You cannot stop an undersize pike from hitting a lure which you must release. But you can however make a decision as to not throw a spear at an undersize pike. It is the responsiblity of the spearer to make sure it is of legal size before spearing it. 

It is spearing and keeping . Not spearing and releasing.

Want to stop it, call a CO when it occurs. Rap # is on your license.


----------



## boehr (Jan 31, 2000)

Sharkey said:


> Ok first of all...there not my friends. Read my originial post. I want it stopped. I agree 100% that it must be illegal. I want to see it in the regs somewhere. Can you produce the rule I'm looking for?


foxriver provided the reg along with the link. What makes you think that reg only pertains to hook and line?
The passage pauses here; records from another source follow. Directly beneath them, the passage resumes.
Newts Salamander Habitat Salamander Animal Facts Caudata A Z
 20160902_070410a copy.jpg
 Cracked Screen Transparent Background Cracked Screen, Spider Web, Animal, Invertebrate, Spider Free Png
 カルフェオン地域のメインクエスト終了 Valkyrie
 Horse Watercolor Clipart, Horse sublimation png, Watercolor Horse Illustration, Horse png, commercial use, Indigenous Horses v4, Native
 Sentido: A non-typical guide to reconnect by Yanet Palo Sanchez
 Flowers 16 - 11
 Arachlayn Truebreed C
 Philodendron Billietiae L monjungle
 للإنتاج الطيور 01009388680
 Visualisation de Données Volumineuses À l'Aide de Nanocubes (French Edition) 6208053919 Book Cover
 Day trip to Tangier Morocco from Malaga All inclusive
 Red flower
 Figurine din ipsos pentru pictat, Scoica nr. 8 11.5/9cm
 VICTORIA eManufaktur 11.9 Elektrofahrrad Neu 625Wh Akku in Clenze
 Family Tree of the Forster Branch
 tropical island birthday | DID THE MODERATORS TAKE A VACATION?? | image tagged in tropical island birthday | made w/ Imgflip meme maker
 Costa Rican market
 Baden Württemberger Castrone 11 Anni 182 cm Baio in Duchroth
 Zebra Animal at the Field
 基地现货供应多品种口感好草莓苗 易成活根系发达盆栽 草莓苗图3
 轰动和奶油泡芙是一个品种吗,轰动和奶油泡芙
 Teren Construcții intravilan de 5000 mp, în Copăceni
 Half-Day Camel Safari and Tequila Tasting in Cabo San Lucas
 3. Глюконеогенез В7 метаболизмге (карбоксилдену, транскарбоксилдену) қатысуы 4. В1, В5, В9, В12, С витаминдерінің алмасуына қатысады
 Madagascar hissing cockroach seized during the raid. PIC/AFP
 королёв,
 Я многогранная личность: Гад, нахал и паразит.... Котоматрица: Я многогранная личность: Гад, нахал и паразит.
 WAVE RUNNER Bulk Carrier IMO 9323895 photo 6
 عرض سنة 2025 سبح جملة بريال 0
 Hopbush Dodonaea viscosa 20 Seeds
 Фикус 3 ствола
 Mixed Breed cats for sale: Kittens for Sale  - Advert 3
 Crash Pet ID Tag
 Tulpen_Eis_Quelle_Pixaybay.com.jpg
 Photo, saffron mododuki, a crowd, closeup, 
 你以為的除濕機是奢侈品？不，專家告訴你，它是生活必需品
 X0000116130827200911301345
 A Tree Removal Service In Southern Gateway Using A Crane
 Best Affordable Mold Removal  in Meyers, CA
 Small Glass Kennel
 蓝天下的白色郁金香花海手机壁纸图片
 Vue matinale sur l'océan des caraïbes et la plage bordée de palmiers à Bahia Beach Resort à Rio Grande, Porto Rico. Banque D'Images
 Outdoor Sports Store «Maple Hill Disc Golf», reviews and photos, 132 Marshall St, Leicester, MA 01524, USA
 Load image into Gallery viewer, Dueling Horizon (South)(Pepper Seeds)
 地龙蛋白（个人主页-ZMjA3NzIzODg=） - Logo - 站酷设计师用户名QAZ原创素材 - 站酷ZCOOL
However, the problem is catching these unethical slobs. First, if they throw it back immediately then a CO will never see them do it. If they didn't throw it back right away then they would be in possession of an undersize fish. Second, if the CO is standing there with them I would bet they would never do it so tell your friend to ask those that told him what they believe to be legal, "would they spear a known undersize fish with a CO standing next to them and watching them"? If they say yes (they'd be lying) then set it up but I suspect they wouldn't.

It is as Walleye Mike stated, "common sense isn't always in the regs". Unfortunately it's not illegal for your friends fisher buddys to tell stories either.


----------



## Sharkey (Oct 29, 2010)

I agree 100% with what everyone is saying. I understand that common sense to me and you says don't throw the spear at a potentially undersize fish. I am not the one potentially breaking the law here, but I get the feeling my ethics are being judged. 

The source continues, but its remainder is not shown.